Fuggono dalla guerra, sono a migliaia, abbandonano tutto ciò che hanno e scappano: sono gli abitanti del Mali. Varcano i confini del Paese nordoccidentale dell’Africa, seguono la direzione della Mauritania. Oltre la linea di demarcazione dei due territori, c’è il campo di Mberra. Solo all’inizio di gennaio, quasi 110mila profughi si erano accampati presso i punti di accoglienza. Oggi, sono circa 400mila.
Le strutture di Fassala e quelle dei campi della regione nord della Mauritania, in questi mesi, stanno accogliendo senza sosta molti africani (la maggior parte) di etnia Tuareg, ma anche cittadini arabo berberi ed esuli provenienti dal Songhai. Tra le vittime di guerra, molte sono le persone che hanno subito violenze fisiche e psicologiche.
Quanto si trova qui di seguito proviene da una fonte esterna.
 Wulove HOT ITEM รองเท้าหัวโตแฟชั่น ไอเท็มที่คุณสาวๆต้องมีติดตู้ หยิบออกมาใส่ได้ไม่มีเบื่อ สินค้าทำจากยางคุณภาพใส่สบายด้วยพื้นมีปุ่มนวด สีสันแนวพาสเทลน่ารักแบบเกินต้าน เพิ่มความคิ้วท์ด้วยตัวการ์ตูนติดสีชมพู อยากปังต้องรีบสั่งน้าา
Giungono presso i campi profughi e trovano conforto nell’assistenza umanitaria e sanitaria degli operatori.
A spiegare le dinamiche di questa ennesima diaspora, dovuta a un conflitto bellico scoppiato a causa della crisi interna del Mali, è Federica Biondi, missionaria a capo del progetto Intersos. Stando alle sue dichiarazioni, a destare maggiore preoccupazione sarebbero le condizioni delle donne e dei bambini, maggiormente esposti ai rischi di una lotta armata.
L’abbandono di massa delle province settentrionali di un Paese devastato dagli incontenibili disordini interni sta causando una disgregazione massiccia, che coinvolge principalmente i nuclei familiari. Nei campi mauritani arrivano uomini, donne e bambini che, oltre ad aver perso abitazione e averi, si ritrovano senza i loro cari. I bambini sono orfani. Le donne, vedove. E gli uomini, avendole perdute, non possono più ricongiungersi alle loro donne.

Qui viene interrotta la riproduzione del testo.